Legend: WR – World record; CR – Commonwealth record; OC – Oceanian record; AR – Australian record; ACR – Australian All Comers record; Club – Australian Club record;

| Event | Gold |  | Silver |  | Bronze |  |
|---|---|---|---|---|---|---|
| 4 × 100 m medley relay | Southport A (Qld) | 3:56.51 | Nunawading A (Vic) | 3:56.81 | Knox Pymble A (NSW) | 3:58.89 |

==Club points scores==
The final club point scores are below.
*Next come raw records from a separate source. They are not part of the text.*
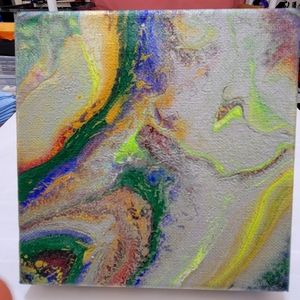 Fluid Art Small Painting on Canvas ORIGINAL Art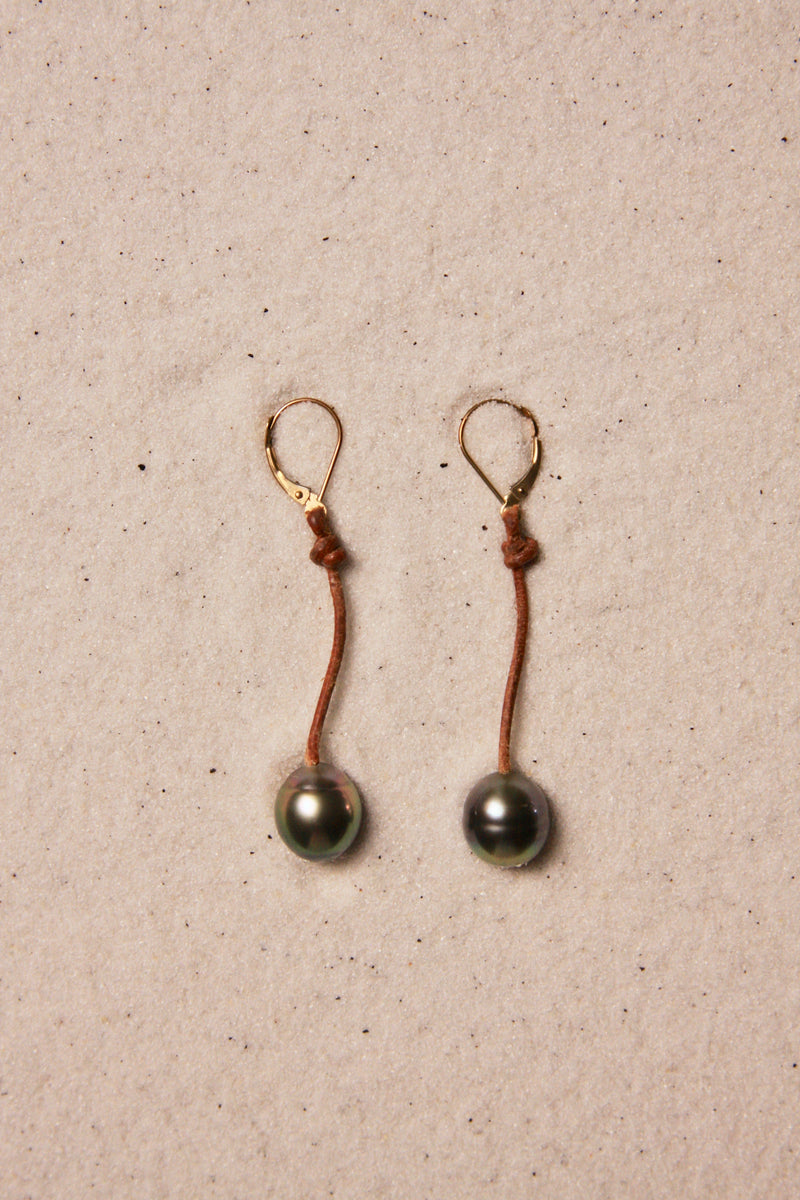 Black Tahitian Drop Earrings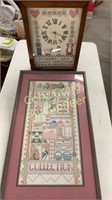 Cross stitch framed art & clock, rooster & Jesus
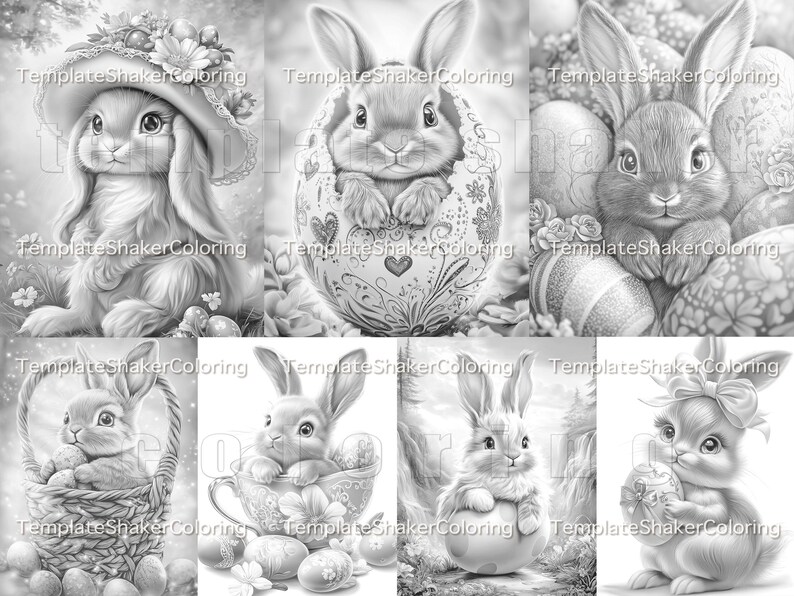 May include: A set of six black and white colouring pages featuring adorable bunnies with Easter eggs. The bunnies are in various poses, including sitting in a basket, holding an egg, and sitting in a teacup.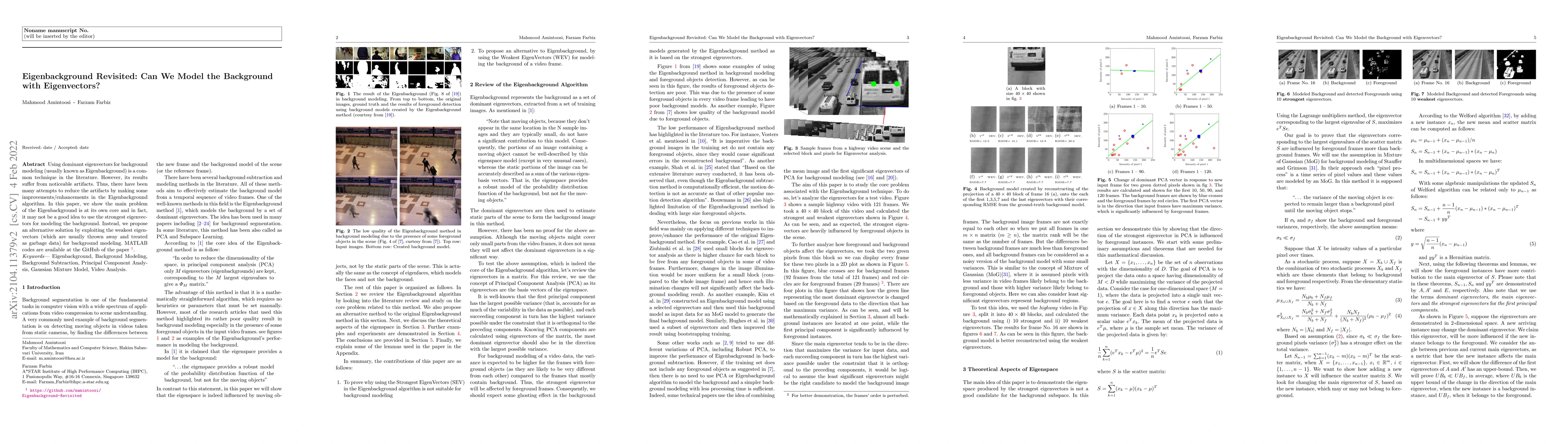 Thumbnail for Eigenbackground Revisited: Can We Model the Background with
  Eigenvectors?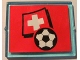 Part No: 3855pb024  Name: Glass for Window 1 x 4 x 3 with Flag of Switzerland and Soccer Ball on Red Background Pattern (Sticker) - Set 3407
Note: Only the top ten clubs are listed.

Overall club point score
| Rank | Club | State | Points |
| 1 | St Peters Western | Qld | 1355.5 |
| 2 | Griffith University | Qld | 990 |
| 3 | Rackley | Qld | 719 |
| 4 | Bond | Qld | 625 |
| 5 | Nunawading | Vic | 540 |
| 6 | USC Spartans | Qld | 535.5 |
| 7 | Marion | SA | 524 |
| 8 | Chandler | Qld | 500 |
| 9 | Nudgee College | Qld | 384 |
| 10 | Southport | Qld | 344 |

==Broadcast==
In February 2021, it was announced that Amazon Prime Video had secured an exclusive, two-year live broadcast streaming deal with Swimming Australia. Like in 2021, both the heat sessions and final sessions were streamed live on Prime Video and on Swimming Australia's digital platform SwimTV. The commentary team consisted of Grant Hackett, Giaan Rooney, Nicole Livingstone and Annabelle Williams. Journalist Matt White hosted the coverage, while Jon Harker called the action.